Sora is an AI platform that specializes in creating music videos. The video discusses the first music video created with Sora, which has generated interest and discussion within the AI community. The platform is noted for its unique visual style and capabilities.

💡Anna portrait

Anna portrait is an AI tool designed for creating realistic portraits, inspired by the emotive Avatar talker but taking a different approach by using both reference photos and videos to generate the final output. It represents an advancement in AI-generated visual content.

💡HiFi

HiFi is an upcoming AI video generation platform led by Alex Masharov, the former head of AI at Snap. It aims to develop a more powerful video generation model and an improved video editor for modifying characters and objects in videos.

💡AI-generated music

AI-generated music refers to the process of using artificial intelligence to create original musical compositions. In the video, this concept is discussed in relation to Stability AI's Stable Audio 2.0 and Sunno, platforms that allow users to generate music based on textual prompts.

💡AI filmmaking

AI filmmaking involves the use of artificial intelligence in the creation and production of films, including the generation of scripts, visuals, and even editing. The video touches on this concept by discussing events and tools related to AI in filmmaking, such as the Curious Refuge AI filmmaking Mega party and the world's first AI Esports tournament.

Highlights

Open AI introduces in-painting feature in Dolly 3, allowing users to edit images by adding or changing elements within the scene.

Dolly 3's in-painting feature is not as intuitive as one might expect, requiring users to manually select and edit areas of the image.

Despite personal aesthetic preferences, the new in-painting feature marks a step forward for Dolly 3, albeit a delayed one compared to other image generators.

Stability AI releases Stable Audio 2.0, which can create full musical tracks up to 3 minutes long from a single prompt, offering 20 free credits per month to users.

Sunno, a competitor to Stability AI, is recognized as the current leader in AI-generated music due to its superior audio fidelity and composition choices.

Stability AI's secret weapon is the ability to add user's own audio as a reference, which can lead to creative uses and improvements in generated music.

Open AI now allows free access to Chat GPT 3.5 without the need for login, providing a capable model for users to experiment with.

The first music video created with Sora, titled 'World Weight' by August Camp, showcases the potential of Sora in generating visuals for music.

The 'World Weight' music video demonstrates Sora's ability to create aesthetically consistent visuals, though comparisons can be made with other platforms like Hyper.

A new video model, HiFi, is on the horizon with Alex Masharov leading the project, aiming to improve video editing and generation capabilities.
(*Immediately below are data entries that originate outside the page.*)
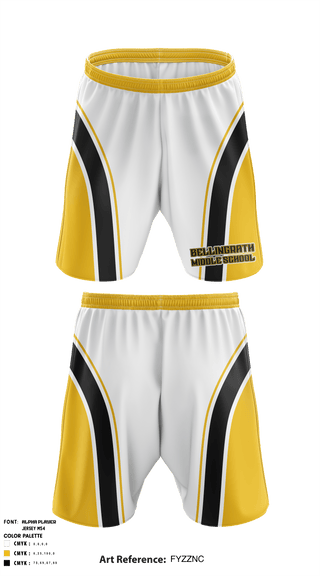 Athletic Shorts With Pockets, Bellingrath Middle School Football, Football, Teamtime, Team time, sublimation, custom sports apparel, team uniforms, spirit wear, spiritwear, sports uniforms, custom shirts, team store, custom team store, fundraiser sports, apparel fundraiser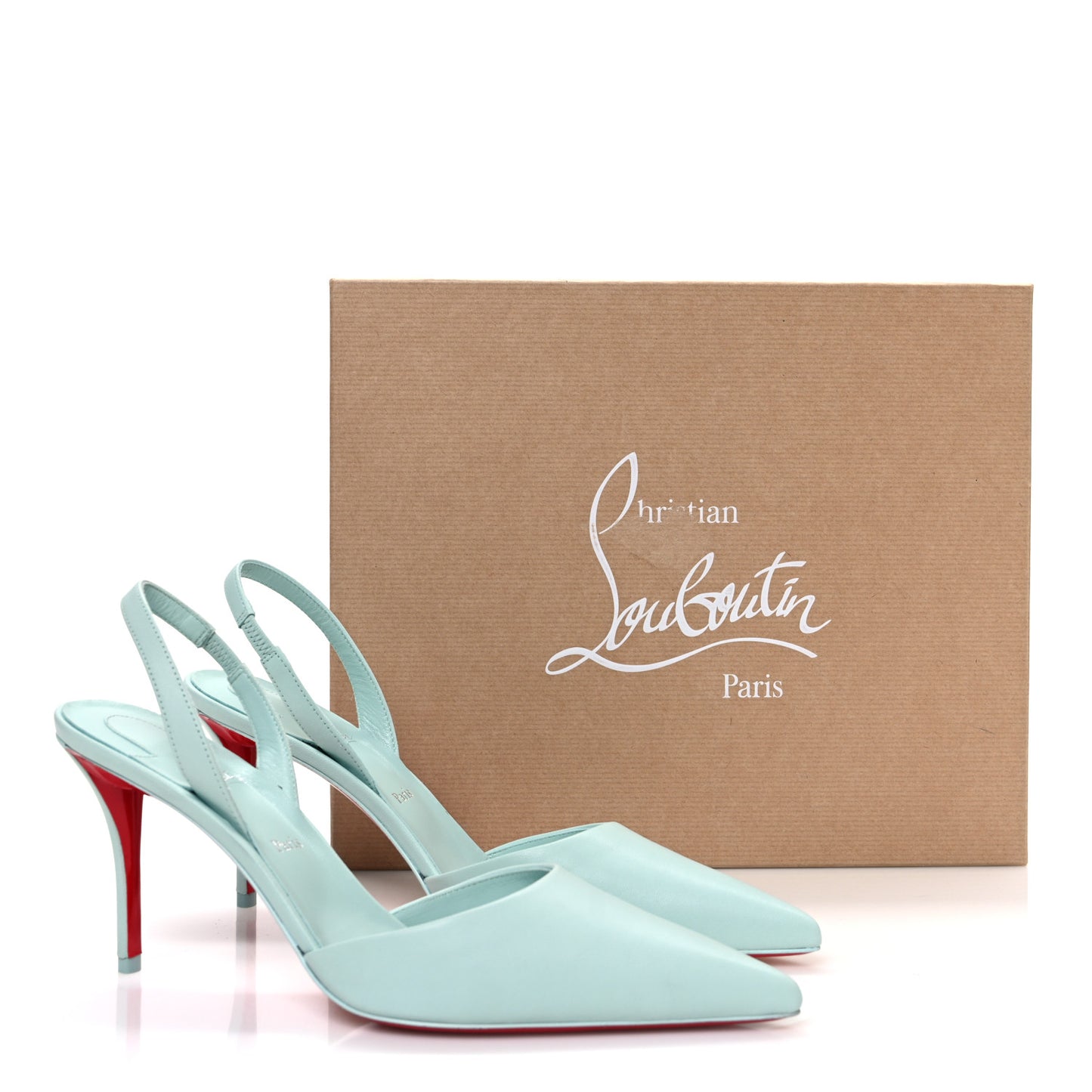 Nappa Apostropha 80 Slingback Pumps 38.5 Iceberg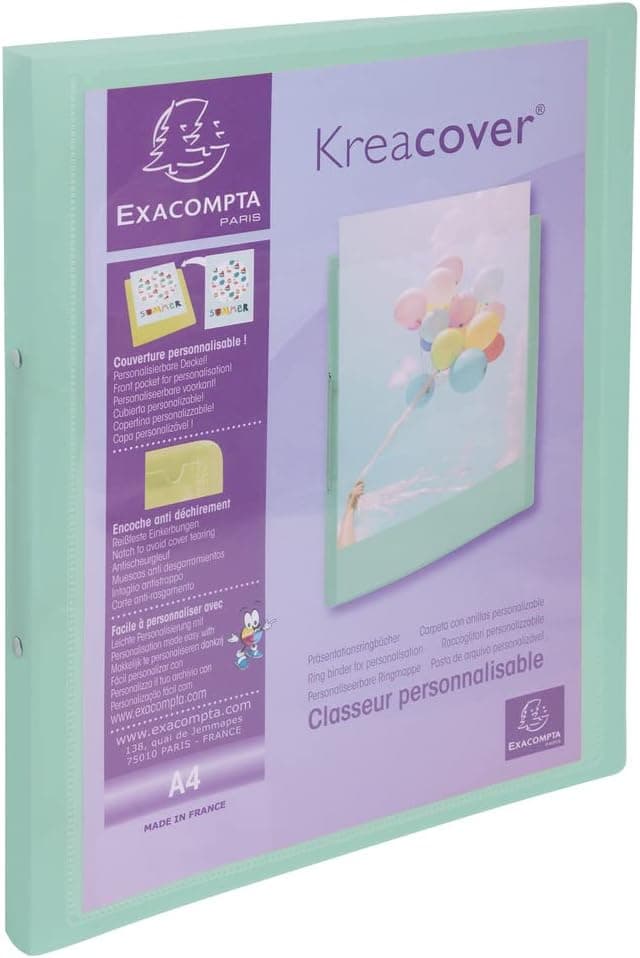 Thumbnail 3 de Exacompta 54279E Kreacover Pastel – 5 classeurs A4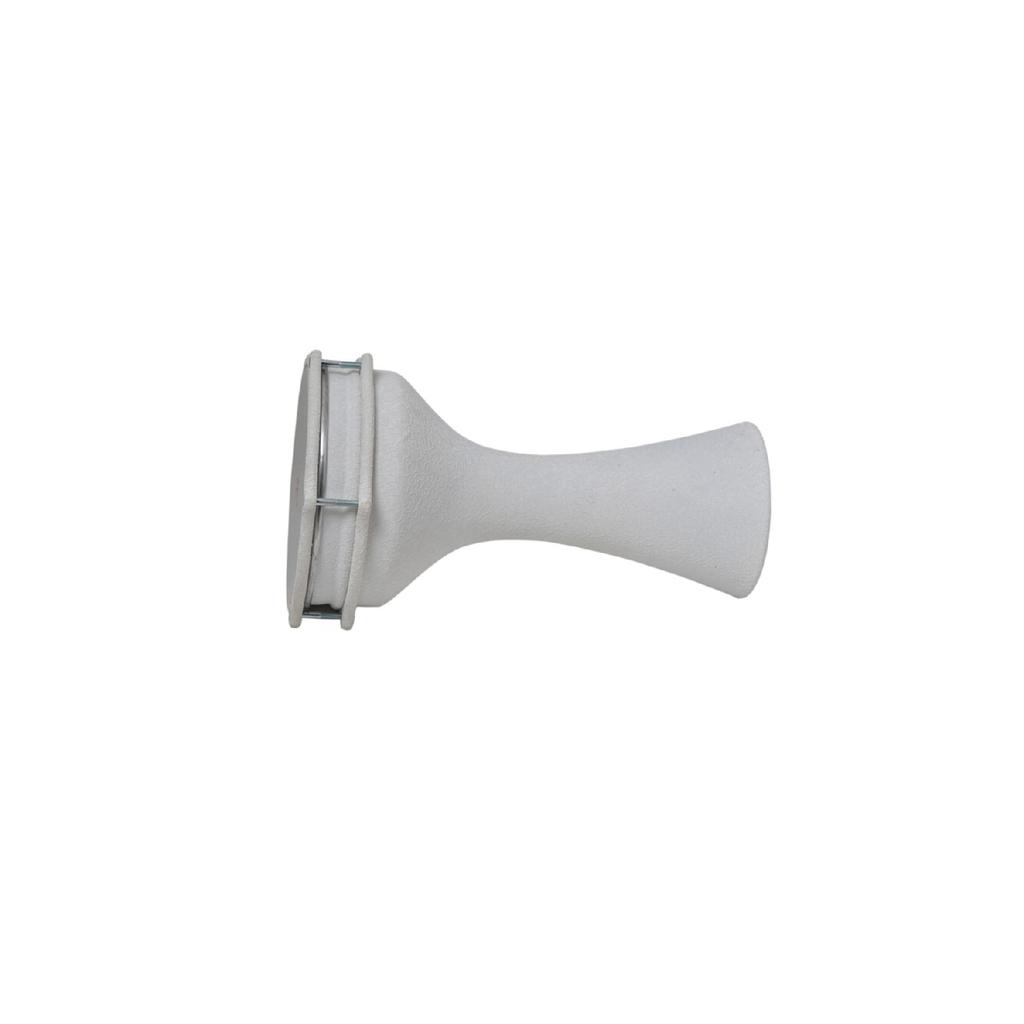 840a-wt Aluminum Darbuka Crocodile White 20cm
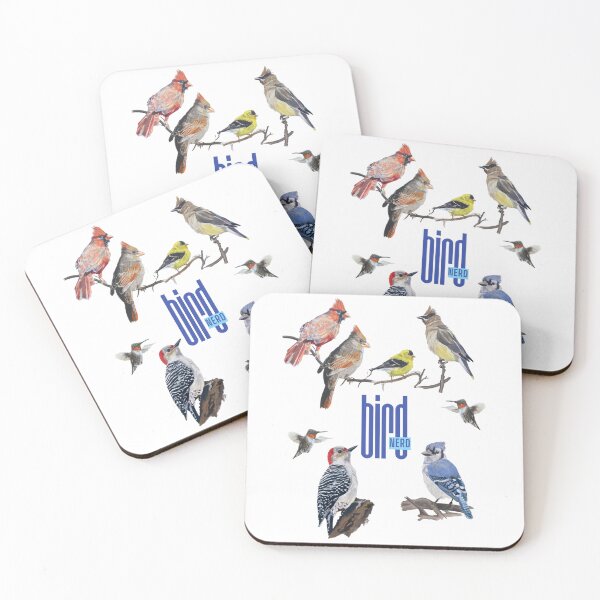 Item preview, Backyard Birds Collection – Cardinal, Hummingbird, Blue Jay & Goldfinch Art designed and sold by Heather Barker.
HiFi operates as a lean startup with a small team and limited hardware, signifying potential for innovation in the AI video generation space.

Anna Portrait, an innovative tool inspired by emotive Avatar, uses a combination of reference photos and videos to generate realistic portraits.
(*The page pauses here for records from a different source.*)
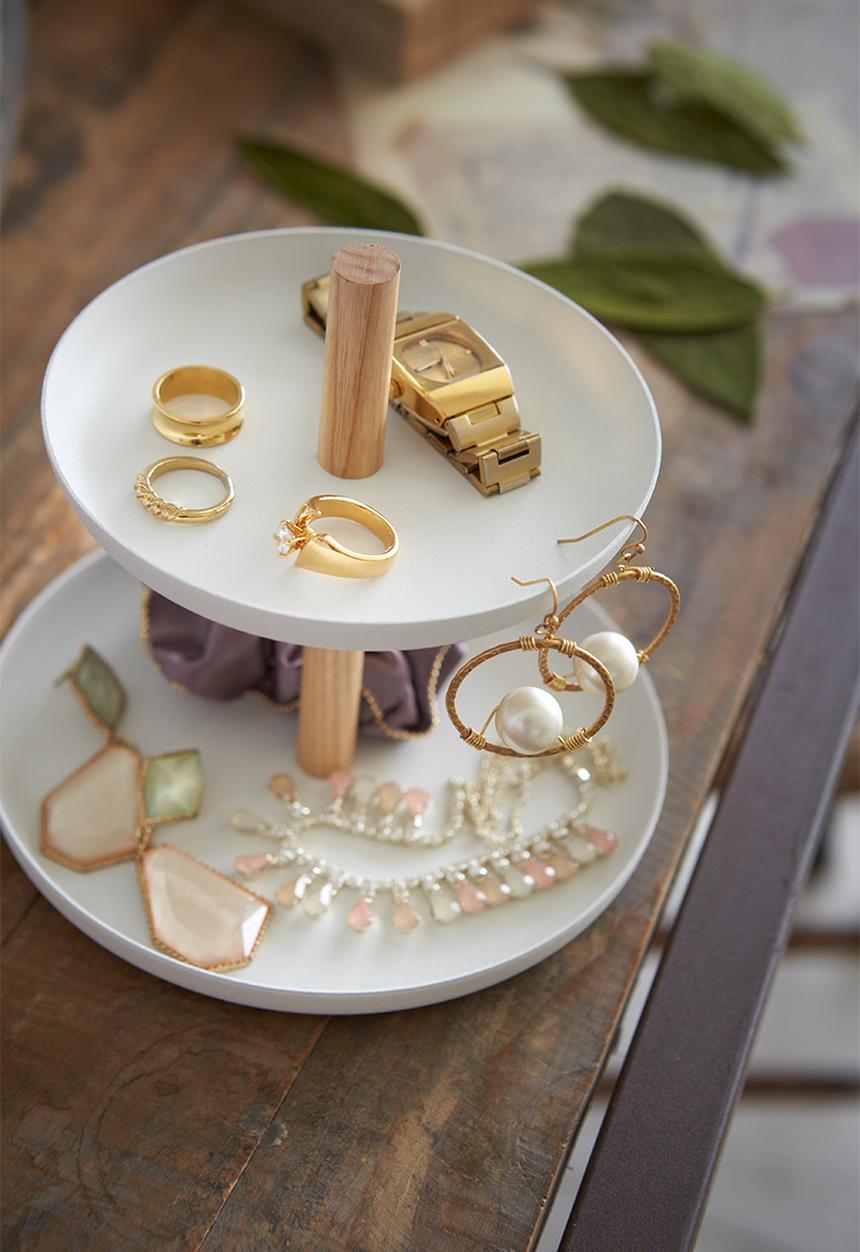 Yamazaki - Tosca accessory tray - white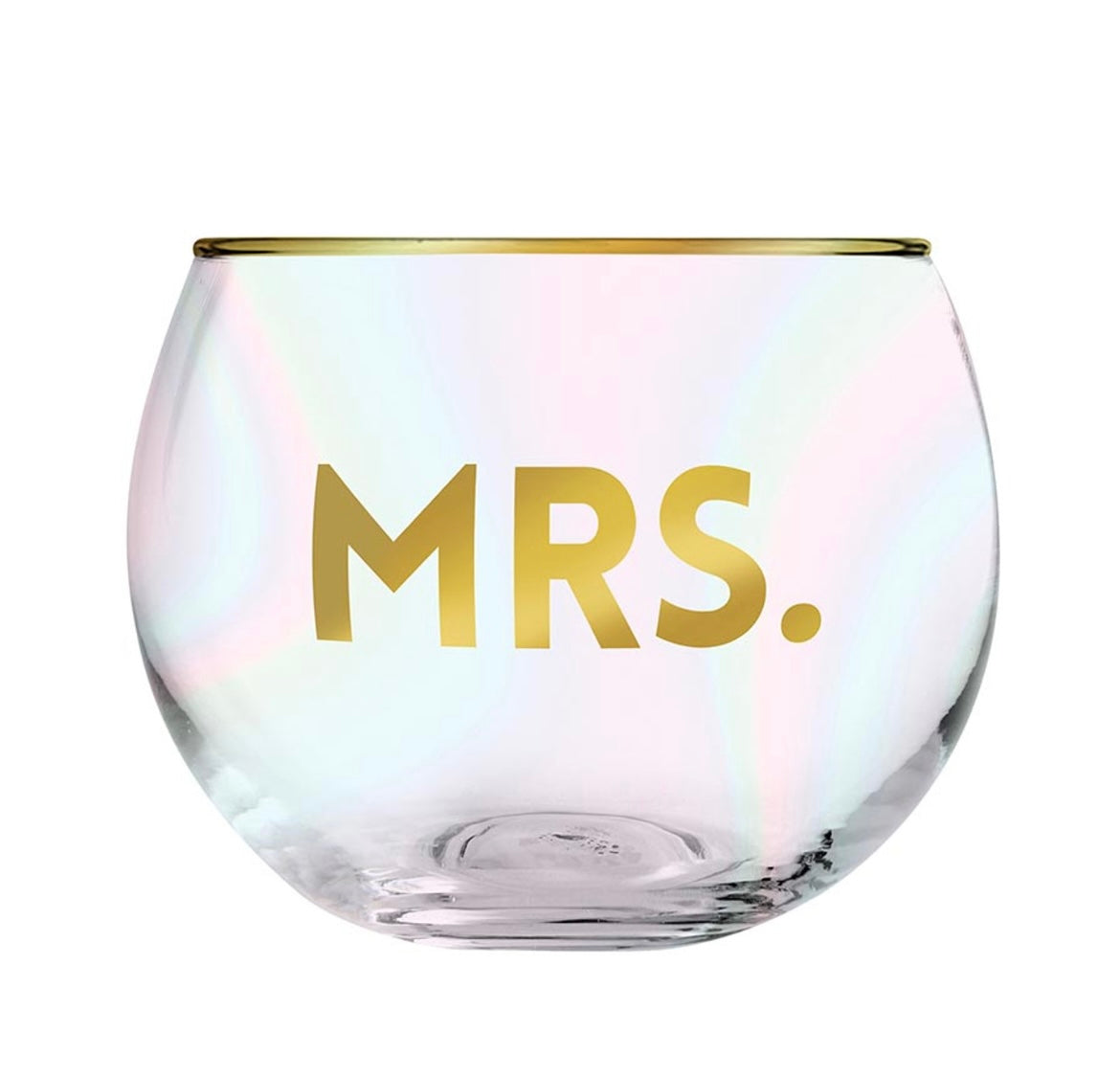 Mrs Cocktail Glass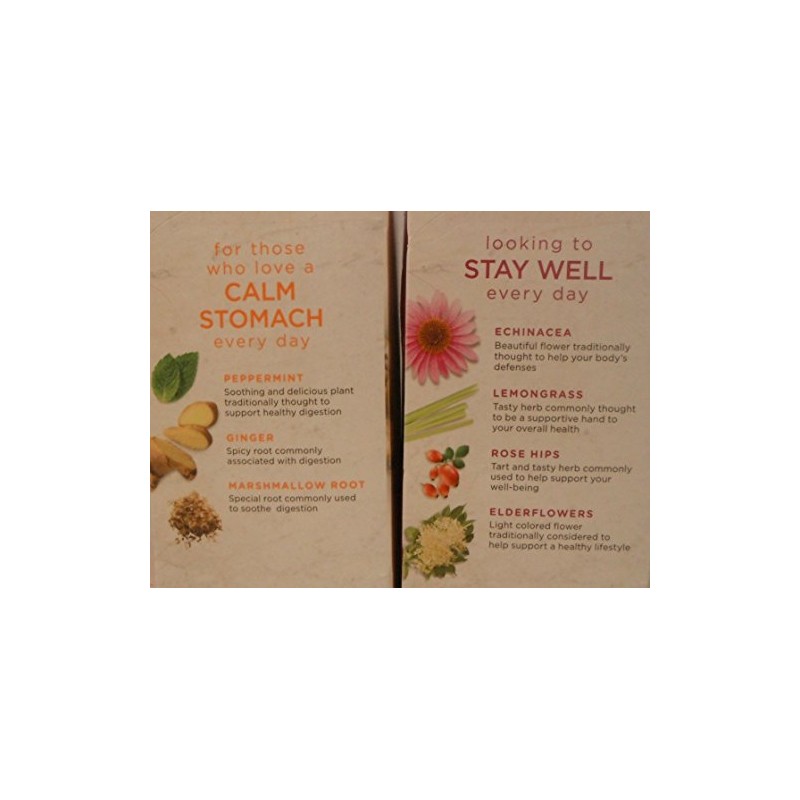 Bigelow Calm Stomach & Stay Well Herbal Tea Bundle -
Visible Maker demonstrates a workflow involving multiple AI tools, showcasing the potential for complex and creative uses of AI in content creation.
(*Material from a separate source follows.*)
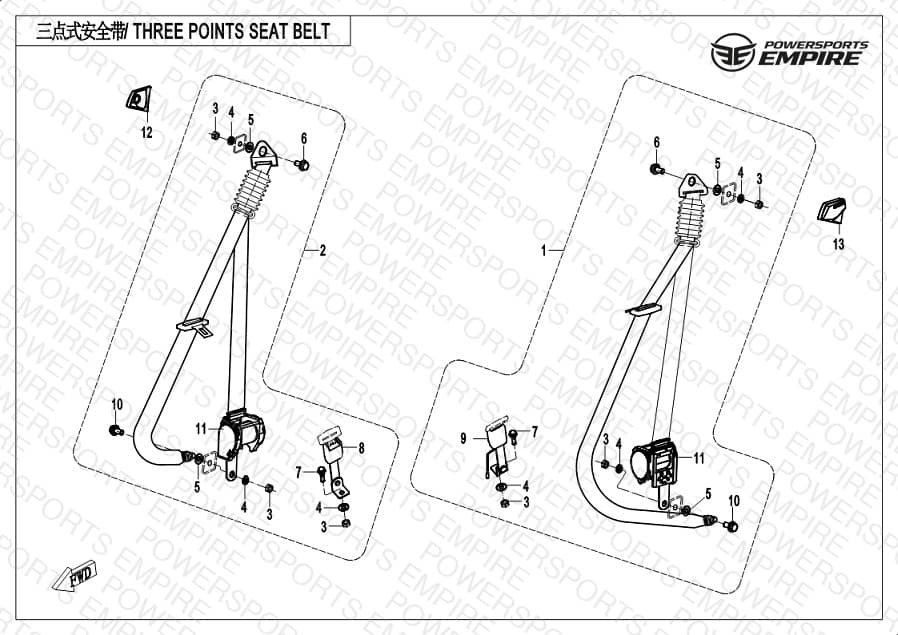 F34-D — 3-POINT SEAT BELT(2019)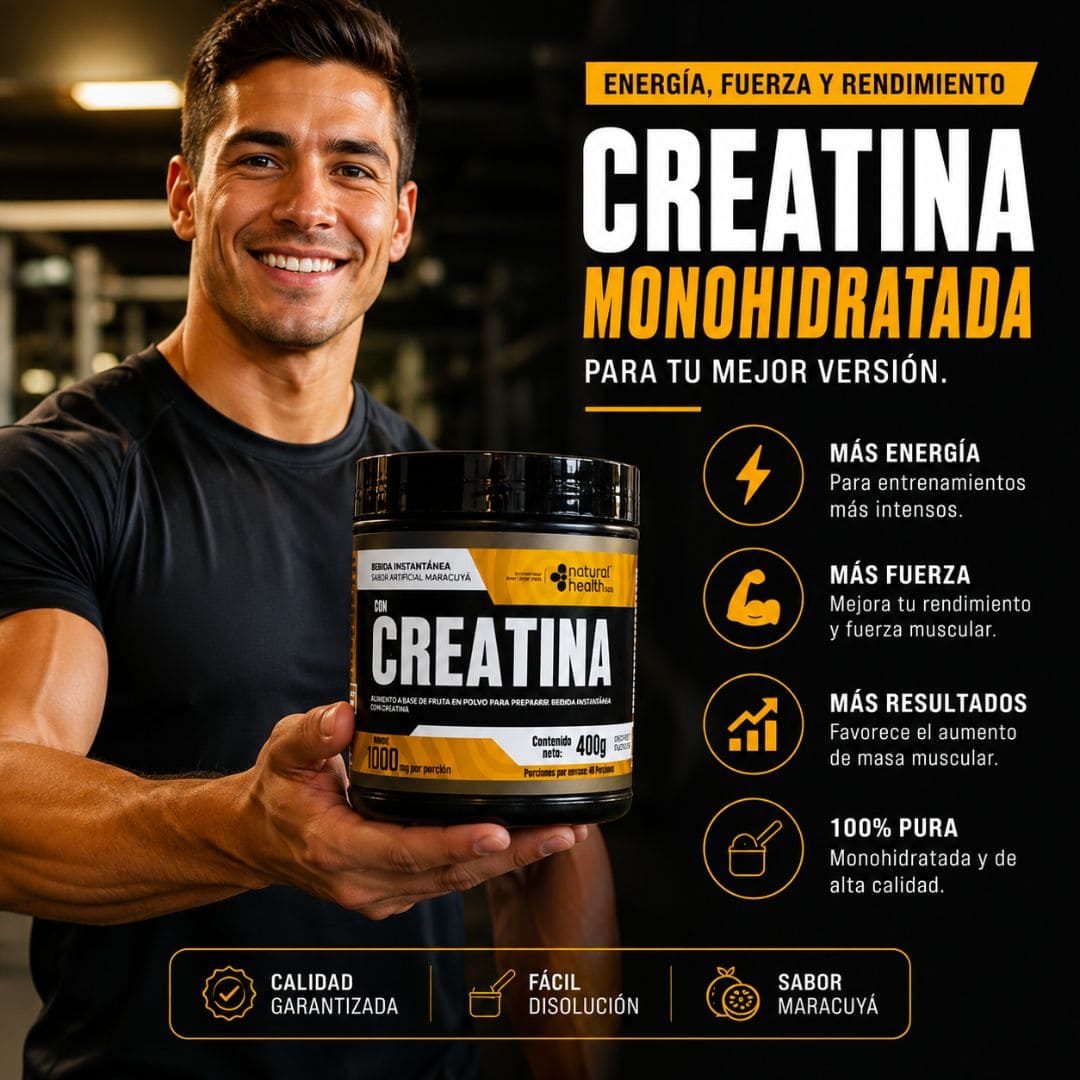 Creatina Monohidratada®️ | Energía, Fuerza y rendimiento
The speaker, Tim, is set to attend the Curious Refuge AI filmmaking Mega party and judge the world's first AI Esports tournament.

Even during a slow week, the AI world continues to push boundaries and innovate, suggesting a surge of new developments on the horizon.

The introduction of various AI tools and platforms, such as Dolly 3, Stable Audio 2.0, Sunno, Sora, and HiFi, indicates a rapidly evolving landscape in AI technology.

Public opinion on Sora seems to be shifting, with some feeling excluded from the platform's development and access, leading to discussions on its inclusivity and community engagement.